O exemplo mais comum: o homicídio culposo
A hipótese mais aplicada na prática está no art. 121, § 5º, do Código Penal: na hipótese de homicídio culposo, o juiz poderá deixar de aplicar a pena, se as consequências da infração atingirem o próprio agente de forma tão grave que a sanção penal se torne desnecessária. É o caso do pai que mata o próprio filho num acidente evitável — a dor da perda já opera, na avaliação do legislador, um efeito que tornaria a pena criminal redundante.
Perdão judicial não é absolvição nem indulgência automática
O perdão judicial extingue a punibilidade apenas nas hipóteses expressamente previstas em lei. Segundo a Súmula 18 do Superior Tribunal de Justiça, a sentença que o concede é declaratória da extinção da punibilidade e não produz efeitos condenatórios.
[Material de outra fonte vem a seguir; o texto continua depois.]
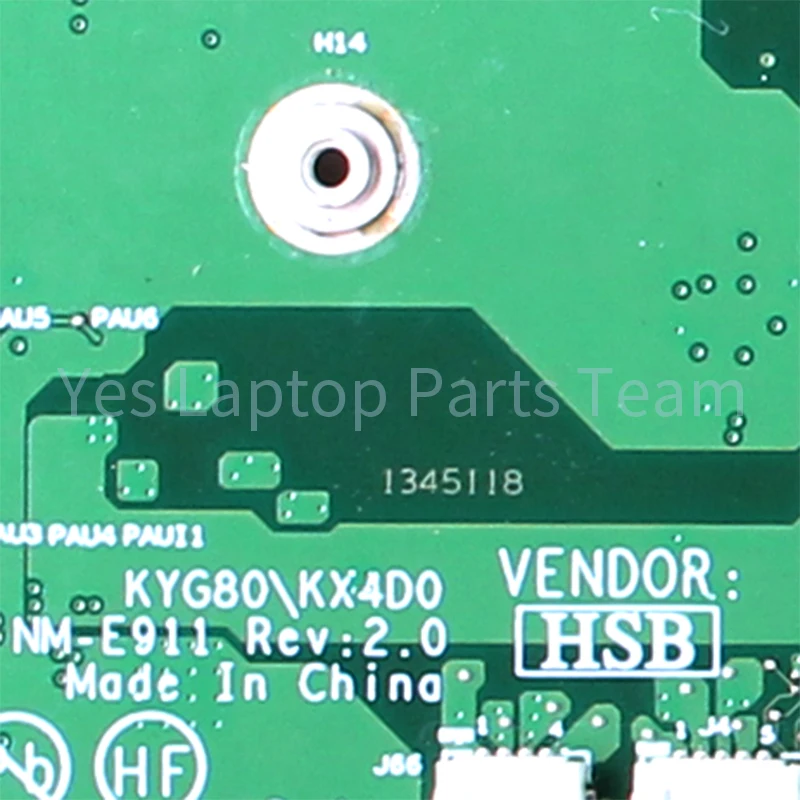 bm1 NM-E911 For LENOVO X1 Carbon Gen 11 Laptop Mainboard 5B21L76608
O benefício não é automático: depende do enquadramento no dispositivo específico e das provas de que seus requisitos foram satisfeitos.
Outras hipóteses legais de perdão judicial
O próprio Código Penal estende a lógica do art. 121, § 5º, à lesão corporal culposa por meio do art. 129, § 8º. Há ainda previsões específicas, como a possibilidade de deixar de aplicar pena ao receptador culposo primário, consideradas as circunstâncias, no art. 180, § 5º. Cada hipótese tem requisitos próprios; redução por colaboração, acordo ou pagamento de dívida não deve ser chamada de perdão judicial sem previsão legal expressa.